Recently Grails reached a major milestone: it officially finished incubation (previously under the Apache Groovy umbrella) and graduated to a Top-Level Project at the Apache Software Foundation. Behind the scenes this meant a huge amount of work: consolidating code into a monorepo (over 325 artifacts), changing Maven coordinates to org.apache.grails, implementing verifiable builds per ASF policy, automating releases and tidying up licensing (SBOM). It also closes the transition phase from stewardship by e.g. Object Computing/Grails Foundation to a fully community-driven “Apache Way” model.

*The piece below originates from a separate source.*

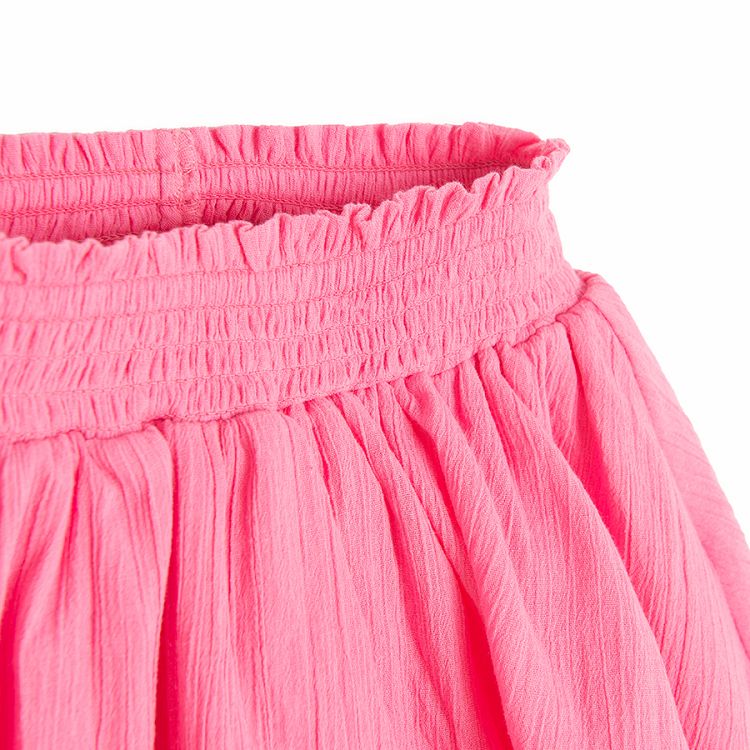 Pink skirt with high elastic waist and ruffle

In Grails 7 itself the foundations were updated (Groovy 4.0.28, Spring Framework 6.2.11, Spring Boot 3.5.6) and the Asset Pipeline was refreshed, plus a number of developer-focused improvements: reproducible builds and SBOMs for all JARs, multiproject reloading, an option to disable Micronaut integration via a plugin, and consistent JSON date rendering (ISO-8601). GORM got fixes (e.g., support for entities with the same name in different packages) and Groovy Server Pages (GSP) were optimized.
Async-profiler 4.2
The latest 4.2 release directly addresses several hot topics in the ecosystem: a method tracing mode (--trace) that measures latency per call (handy when sampling “blurs” rare paths), system-wide process sampling on Linux (--proc) to diagnose noisy neighbors, and the default stack walking switched to VMStructs, removing the crash risks known from AsyncGetCallTrace. Together these changes increase profile reliability and reduce the adoption cost in CI/CD. Additionally, the JFR converter supports an experimental CPU time event (JEP 509 / CPUTimeSample), allowing creation of flamegraphs/heatmaps straight from JFR — including thread-level breakdowns.

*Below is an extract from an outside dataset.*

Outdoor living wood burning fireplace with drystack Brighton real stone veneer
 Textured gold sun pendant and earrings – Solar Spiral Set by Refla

The team announced a move to a three-month “release train”, which should deliver faster patches and safer, smaller upgrades (the next release is slated for January 2026). Meanwhile async-profiler was added to official Amazon Corretto builds (Linux/macOS), so asprof/jfrconv are now “available out of the box” alongside the JDK. That materially lowers the barrier to entry.
(I’m kind of waiting for async-profiler to finally show up in the JDK’s /bin directory.)
Helidon 4.3
Oracle released Helidon 4.3, continuing the development of their lightweight, native-oriented Java framework.
Helidon 4.3 focuses on a real “DX uplift”: besides dependency updates it brings building blocks for agent/AI use cases (official support for the Model Context Protocol with server and client based on Helidon WebServer on virtual threads) and solid improvements in observability and RPC. Notable additions include Helidon Declarative (an annotation-driven model for endpoints, scheduler and fault-tolerance), Helidon Data (repository pattern), Eureka Discovery integration for better Spring interoperability, OpenTelemetry extensions and gRPC enhancements (metrics, tracing, reflection, optional compression).
Helidon 4.3 also bumps LangChain4j to 1.5 and introduces build-time generated “bindings” to APIs so that AI-annotated classes can be injected without reflection. There’s an adapter from TokenStream → Java Stream (easier blocking error handling), official OCI Generative AI support, and Jlama (in-JVM LLM inference, MoE, tool-calling, quantizations).
There’s more detail in the Release Notes.
Quarkus 3.29
Quarkus 3.29 is a relatively small release, but it adds support for multiple cache backends in a single application (e.g., Caffeine and Redis simultaneously), Debug Adapter Protocol support for Qute templates (template debugging in IDEs), and keeps Hibernate ORM/Reactive extensions active even when no entities are defined.
WildFly 38
WildFly 38 advances the platform with MicroProfile 7.1 (updated OpenAPI 4.1 and Telemetry 2.1) and tidies the operational foundations: feature packs automatically generate detailed documentation of their layers and resources via the Management API, and there’s a web catalog of feature-packs and layers with a model preview for management and Galleon features. The team also refreshed the admin documentation — the old “wildscribe” was replaced by a fuller description of what the main WildFly 38 feature pack provides. The standard distribution remains compliant with Jakarta EE 10 (Full/Web/Core Profiles) on Java SE 17 and 21; certification artifacts and full supported-spec lists (including those beyond MicroProfile Platform) are available in the cert repository and Getting Started guide.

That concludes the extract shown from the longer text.